* **Directions**
Could you set down the lines below, from the one containing "Pebbled Calfskin Medium" through the final line, exactly as written?

(Items from a dataset)
● ● ● ● ● ● ●

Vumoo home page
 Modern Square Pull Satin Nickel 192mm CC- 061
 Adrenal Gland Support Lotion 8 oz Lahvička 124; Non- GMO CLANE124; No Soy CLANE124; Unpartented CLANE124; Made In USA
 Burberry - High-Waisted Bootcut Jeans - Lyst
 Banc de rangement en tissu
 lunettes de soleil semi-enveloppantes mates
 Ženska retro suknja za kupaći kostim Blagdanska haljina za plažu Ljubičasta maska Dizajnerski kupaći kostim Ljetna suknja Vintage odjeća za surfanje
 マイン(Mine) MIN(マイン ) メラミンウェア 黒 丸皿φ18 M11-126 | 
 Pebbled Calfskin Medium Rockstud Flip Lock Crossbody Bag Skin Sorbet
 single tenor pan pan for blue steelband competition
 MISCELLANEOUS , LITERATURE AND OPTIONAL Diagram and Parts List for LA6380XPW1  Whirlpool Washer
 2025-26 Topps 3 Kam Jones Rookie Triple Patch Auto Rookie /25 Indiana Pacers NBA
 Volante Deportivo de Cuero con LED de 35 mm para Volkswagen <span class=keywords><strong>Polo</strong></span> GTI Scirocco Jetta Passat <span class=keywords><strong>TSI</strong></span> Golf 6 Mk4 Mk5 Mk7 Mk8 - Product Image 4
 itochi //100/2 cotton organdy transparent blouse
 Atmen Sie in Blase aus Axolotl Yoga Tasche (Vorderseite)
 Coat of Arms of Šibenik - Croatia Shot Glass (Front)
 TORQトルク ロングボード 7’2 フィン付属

● ● ● ● ● ● ●

* **Result**
 Pebbled Calfskin Medium Rockstud Flip Lock Crossbody Bag Skin Sorbet
 single tenor pan pan for blue steelband competition
 MISCELLANEOUS , LITERATURE AND OPTIONAL Diagram and Parts List for LA6380XPW1  Whirlpool Washer
 2025-26 Topps 3 Kam Jones Rookie Triple Patch Auto Rookie /25 Indiana Pacers NBA
 Volante Deportivo de Cuero con LED de 35 mm para Volkswagen <span class=keywords><strong>Polo</strong></span> GTI Scirocco Jetta Passat <span class=keywords><strong>TSI</strong></span> Golf 6 Mk4 Mk5 Mk7 Mk8 - Product Image 4
 itochi //100/2 cotton organdy transparent blouse
 Atmen Sie in Blase aus Axolotl Yoga Tasche (Vorderseite)
 Coat of Arms of Šibenik - Croatia Shot Glass (Front)
 TORQトルク ロングボード 7’2 フィン付属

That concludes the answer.